Based upon what FBI Director James Comey told a Senate Judiciary Committee Wednesday, it seems the Bureau has backed off the idea of a "government backdoor" per se, as long as technology companies themselves can still access customers' data (and thus surrender it to law enforcement when legally subpoenaed).
Comey's main grievance, therefore, is end-to-end encryption.
"The government shouldn't be telling people how to operate their systems," Comey said. "We are in a place where we understand it's not a technical issue; it's a business model question."
Amy Hess, the FBI’s executive assistant director for science and technology, used similar language in an interview with the Washington Post this week.
Firms that feared being tagged as tools of a privacy-invading government became less willing to assist in surveillance “because it was perceived as not a good business model to be seen as cooperating with the government,” Hess said.
It used to be, she said, that companies meeting a legal requirement to provide “technical assistance” generally would try to comply with wiretap orders. “Now all of a sudden we get hung up on the question of what, exactly, does that mean I have to provide to you?” she said.
American technology companies' concerns that their cooperation with the U.S. government was bad for business were not entirely unfounded. In October, worries about NSA snooping and other surveillance caused the European Court of Justice to strike down Safe Harbor, the data transfer agreement that had, for the past 15 years, allowed multinationals to store Europeans’ data in the U.S. if the companies agree to comply with Europe’s data privacy laws.
Today, the European Union's Justice Commissioner said that the new data transfer pact that will replace Safe Harbor will give the EU the right to "pull the plug on the deal if it fears the United States is not safeguarding privacy enough," Reuters reports.
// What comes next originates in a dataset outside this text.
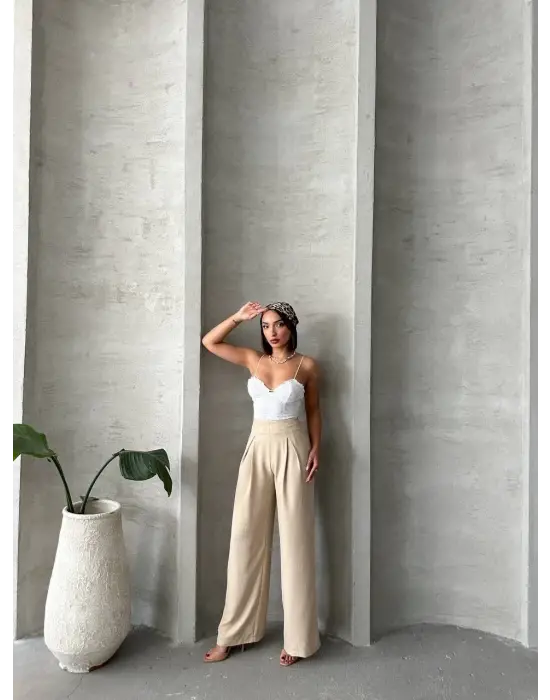 Pileli Keten Pantolon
In the interview with the Post, Hess also confirmed for the first time that the FBI uses zero-day exploits. From the story:
[Hess] said the trade-off is one the bureau wrestles with. “What is the greater good — to be able to identify a person who is threatening public safety?” Or to alert software makers to bugs that, if unpatched, could leave consumers vulnerable?
“How do we balance that?” she said. “That is a constant challenge for us.”